Making all in mca/hwloc
make[2]: Entering directory `/tmp/bennet/build/openmpi-1.10.7/opal/mca/hwloc'
  CC   base/hwloc_base_frame.lo
  CC   base/hwloc_base_util.lo
  CC   base/hwloc_base_dt.lo
  CC   base/hwloc_base_maffinity.lo
In file included from ../../../opal/mca/hwloc/hwloc.h(134),
 from base/hwloc_base_frame.c(23):
../../../opal/mca/hwloc/external/external.h(20): catastrophic error:
cannot open source file "/include/hwloc.h"
  #include MCA_hwloc_external_header
^
compilation aborted for base/hwloc_base_frame.c (code 4)


It looks to me like configure is not prepending `/usr` to the path to
`/include/hwloc.h` when one uses the bare `--with-hwloc` on the
configure line, and therefore using `--with-hwloc=/usr` is called for
if one wants it included.

Thanks,-- bennet

Note, this test fails, but it isn't directly related to finding hwloc.h.

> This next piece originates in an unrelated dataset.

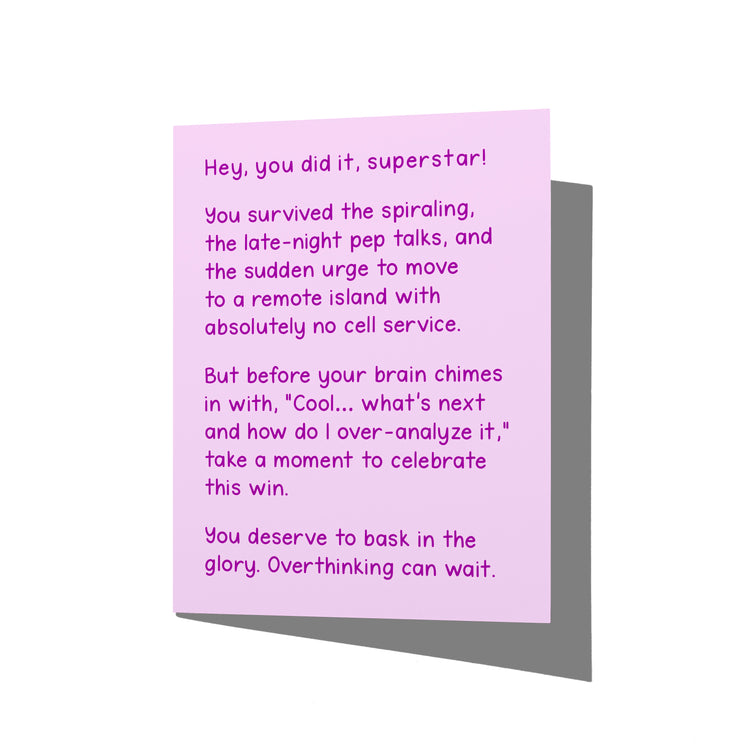 Funny congrats card with witty overthinking humor message on front, blank inside.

configure:67840: result: looking for library without search path
configure:67842: checking for library containing hwloc_topology_init
configure:67873: icc -std=gnu99 -o conftest -O3 -DNDEBUG
-finline-functions -fno-strict-aliasing -restrict
-Qoption,cpp,--extended_float_types -pthread conftest.c -lutil
>&5
/tmp/iccu8nO7c.o: In function `main':
conftest.c:(.text+0x35): undefined reference to `hwloc_topology_init'
configure:67873: $? = 1

with too much more output to include here.

Seems to be the same situation with the last available nightly build, as well.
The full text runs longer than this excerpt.